Midmarket Companies: 8 Key Questions for your Future IT Services Provider

Recent data shows that the “great thaw” continues and the economy is coming back. Unemployment is less than 7 percent, the GDP expanded at the rate of 3.2 percent, increased IT spending is returning to pre-2008 growth rates, a plethora of new technologies, and aging hardware have led to a new dawn of opportunity. Many of America’s mid-market IT managers are now anxiously catching up to their larger competitors.

In fact, the continued economic resurgence has led to 79 percent of IT professionals suggesting that their 2014 IT budgets would either remain the same or increase over 2013, a year that enabled many mid-market IT departments to begin rebuilding.
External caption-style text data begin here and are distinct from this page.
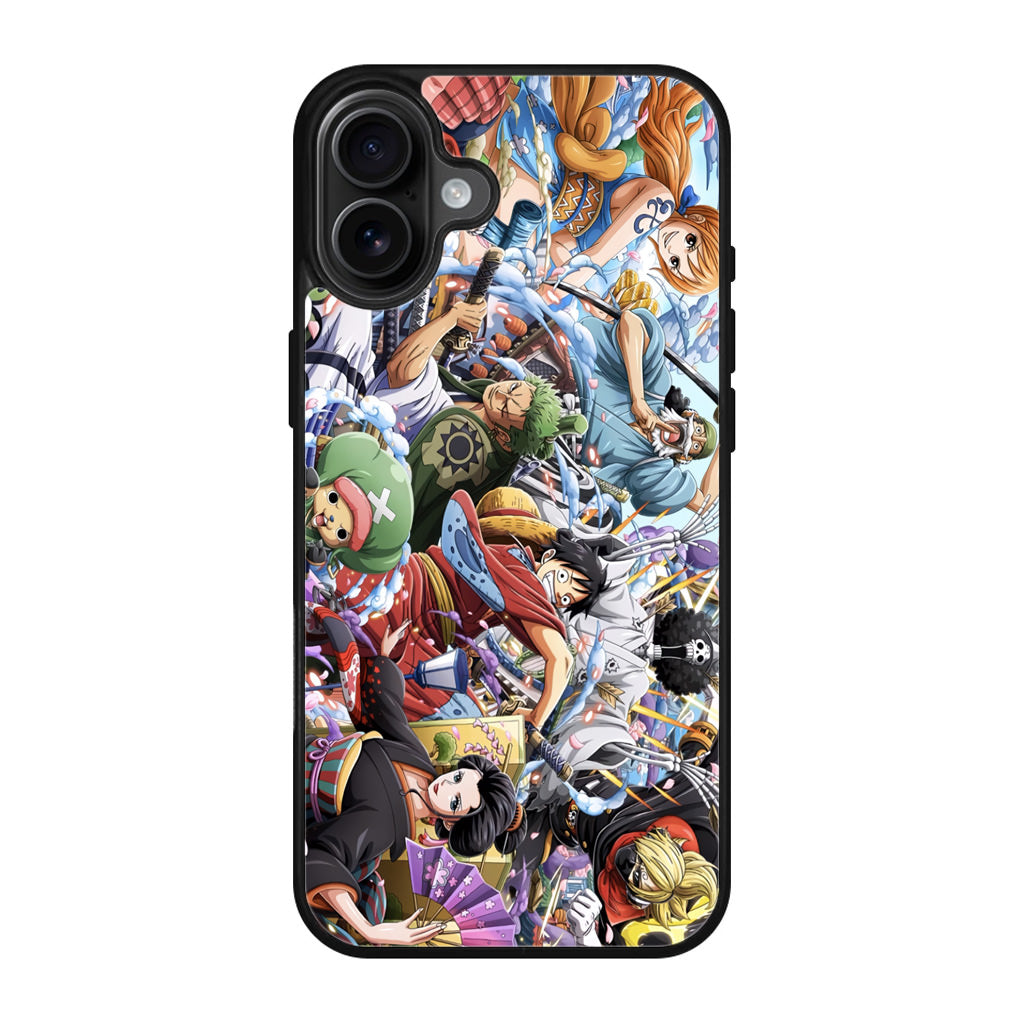 Straw Hat Pirates Arc Wano iPhone 17 Case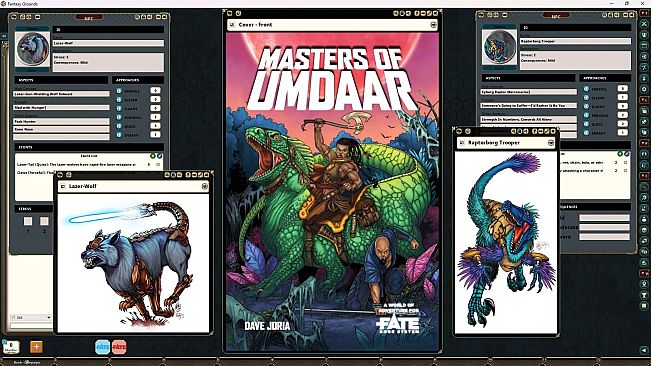 Fantasy Grounds - Fate Accelerated - Masters of Umdaar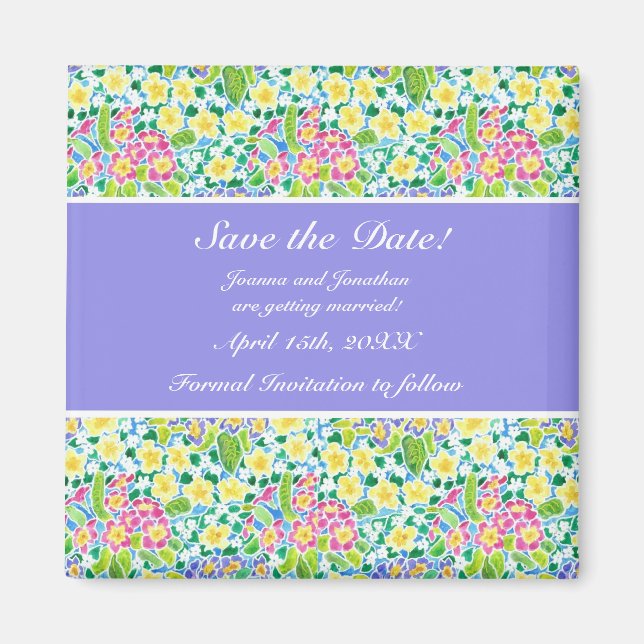 Individuell anpassbare Kühlschrankmagnet-Primrosen Magnet (Vorne)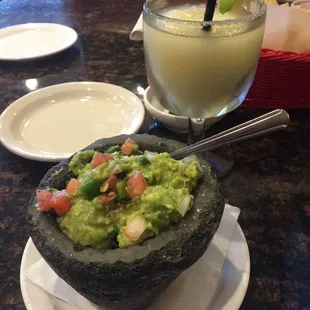Trying out the frozen Rita  + &quot;large&quot; guac $5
The surge in mid-market comes as no surprise to readers of The Top 7 Communications Trends for 2014 white paper, which noted the rise of mid-market IT:

New technologies are powerful drivers of middle market empowerment. Mid-market leaders are no longer satisfied with solutions that are scaled down versions of larger systems. Instead, they want solutions designed to meet their specific business needs, as well as the ability of their IT people to manage them.

Support excellence will increasingly mean providing the right information in a tempo and volume that a smaller operation can handle, along with the tools needed to put that information to use.

Not being ready to invest in new employees, servers, appliances, and networks for many years has left many seeking outside solutions to help them catch up. That’s why 88 percent of mid-market businesses say they are planning to consult an external partner for assistance in developing and implementing their IT strategies, according to a Frost & Sullivan report.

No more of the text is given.